If you are in doubt of which daylight analysis to run, then we have collect a list of the most used analyses. Every analysis type comes with advantages and disadvantages.
The annual daylight simulation is for everybody who wants to know the actual illuminance values throughout the year in a room or building.
The simulation takes into account site location, building and window orientation, context and material properties.
It is the most accurate method of estimating the daylight conditions in a room.
The annual daylight simulation calculates the illuminance values (in
lux) for every hour of the year for each analysis point.
That is a very large data set and typically you would want to aggregate that into a daylight metric.
Useful Daylight Illuminances (UDI) tells you the percentage of the occupied time, where a specific point lies in a certain illuminance range.

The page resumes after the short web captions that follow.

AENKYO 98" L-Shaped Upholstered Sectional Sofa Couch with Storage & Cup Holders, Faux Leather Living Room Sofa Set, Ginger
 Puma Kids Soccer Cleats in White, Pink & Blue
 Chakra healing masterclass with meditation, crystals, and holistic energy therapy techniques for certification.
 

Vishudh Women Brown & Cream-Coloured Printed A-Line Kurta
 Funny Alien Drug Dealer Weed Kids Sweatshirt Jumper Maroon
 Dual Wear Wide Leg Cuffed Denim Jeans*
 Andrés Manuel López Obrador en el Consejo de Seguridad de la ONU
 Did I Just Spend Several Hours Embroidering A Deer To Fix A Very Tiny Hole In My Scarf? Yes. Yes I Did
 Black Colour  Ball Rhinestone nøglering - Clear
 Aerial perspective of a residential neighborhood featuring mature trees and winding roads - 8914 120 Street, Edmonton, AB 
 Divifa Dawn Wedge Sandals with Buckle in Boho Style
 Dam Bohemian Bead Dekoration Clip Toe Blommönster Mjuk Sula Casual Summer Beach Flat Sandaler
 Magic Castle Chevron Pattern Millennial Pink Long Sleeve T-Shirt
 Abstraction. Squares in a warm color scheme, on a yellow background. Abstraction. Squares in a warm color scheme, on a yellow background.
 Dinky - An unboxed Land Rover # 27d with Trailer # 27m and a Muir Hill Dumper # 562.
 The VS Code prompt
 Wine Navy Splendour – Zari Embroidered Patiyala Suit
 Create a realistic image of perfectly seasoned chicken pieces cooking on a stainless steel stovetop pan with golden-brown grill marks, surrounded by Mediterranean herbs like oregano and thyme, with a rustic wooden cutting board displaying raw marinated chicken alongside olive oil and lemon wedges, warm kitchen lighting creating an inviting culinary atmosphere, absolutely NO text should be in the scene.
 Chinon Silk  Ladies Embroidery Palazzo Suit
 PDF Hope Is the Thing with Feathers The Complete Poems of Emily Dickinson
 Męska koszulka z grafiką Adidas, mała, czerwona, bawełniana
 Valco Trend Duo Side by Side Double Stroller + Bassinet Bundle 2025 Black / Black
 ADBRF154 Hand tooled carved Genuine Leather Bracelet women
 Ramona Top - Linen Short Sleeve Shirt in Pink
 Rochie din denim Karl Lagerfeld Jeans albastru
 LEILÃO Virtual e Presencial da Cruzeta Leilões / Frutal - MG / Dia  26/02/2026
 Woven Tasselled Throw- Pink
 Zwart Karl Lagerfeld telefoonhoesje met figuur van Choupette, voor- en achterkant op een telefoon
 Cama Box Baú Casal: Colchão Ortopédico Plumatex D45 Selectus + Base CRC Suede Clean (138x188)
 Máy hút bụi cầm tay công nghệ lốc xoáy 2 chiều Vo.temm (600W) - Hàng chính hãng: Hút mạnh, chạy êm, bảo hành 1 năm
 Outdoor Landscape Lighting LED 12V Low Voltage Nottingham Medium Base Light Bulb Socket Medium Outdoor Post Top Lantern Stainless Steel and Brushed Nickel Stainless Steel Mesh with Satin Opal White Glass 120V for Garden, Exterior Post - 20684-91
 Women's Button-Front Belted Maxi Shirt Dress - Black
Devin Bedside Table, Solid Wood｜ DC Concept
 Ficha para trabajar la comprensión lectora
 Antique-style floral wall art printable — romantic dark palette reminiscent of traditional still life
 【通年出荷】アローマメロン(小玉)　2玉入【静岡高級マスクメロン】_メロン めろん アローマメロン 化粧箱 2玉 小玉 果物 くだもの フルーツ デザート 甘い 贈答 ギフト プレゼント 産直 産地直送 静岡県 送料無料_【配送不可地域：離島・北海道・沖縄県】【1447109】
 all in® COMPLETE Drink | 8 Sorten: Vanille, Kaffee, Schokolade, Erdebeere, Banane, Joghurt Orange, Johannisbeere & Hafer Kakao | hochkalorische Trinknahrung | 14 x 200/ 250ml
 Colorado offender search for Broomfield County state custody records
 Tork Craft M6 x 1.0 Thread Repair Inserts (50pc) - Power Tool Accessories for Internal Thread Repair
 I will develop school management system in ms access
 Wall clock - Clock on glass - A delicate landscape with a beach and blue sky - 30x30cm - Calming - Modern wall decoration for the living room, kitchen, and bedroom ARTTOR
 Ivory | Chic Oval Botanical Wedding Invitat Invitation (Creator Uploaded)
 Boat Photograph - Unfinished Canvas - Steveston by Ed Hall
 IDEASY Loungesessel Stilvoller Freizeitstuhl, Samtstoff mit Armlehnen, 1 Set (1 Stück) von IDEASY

Daylight illuminances between i.e. 100 and 2000 lux are considered useful.
Daylight Autonomy calculates the percentage of occupied time, that a specific point meets a certain illuminance threshold.
Spatial Daylight Autonomy is typically used in relation to governmental requirements or sustainability rating schemes. It calculates the percentage of the room area that meets a certain requirement, e.g. 50% Daylight Autonomy. That way it is easy to asses, whether a whole building has good daylight conditions.
Daylight Factor is a relatively lightweight calculation, which makes it well-fitted to the early design stage, when the geometry changes rapidly, and the simulation should be able to follow the pase. Daylight Factor is however not assessing the actual daylight in a room, but rather the "daylight availability". It is a purely geometric calculation, and it doesn't take into account site location or orientation of the geometry and/or windows.
A Sky View Factor analysis shows you how much of the sky dome a point on the facade can see. That gives an indication of how much daylight will be available inside the building. Sky View Factor is very similar to Daylight Factor. It doesn't take into account location or orientation, but is purely a geometric calculation.
An annual radiation analysis shows you how much radiation you will receive on a set of surfaces throughout the year. It can be used to e.g. determine where to locate PV panels to produce the most kWh from them.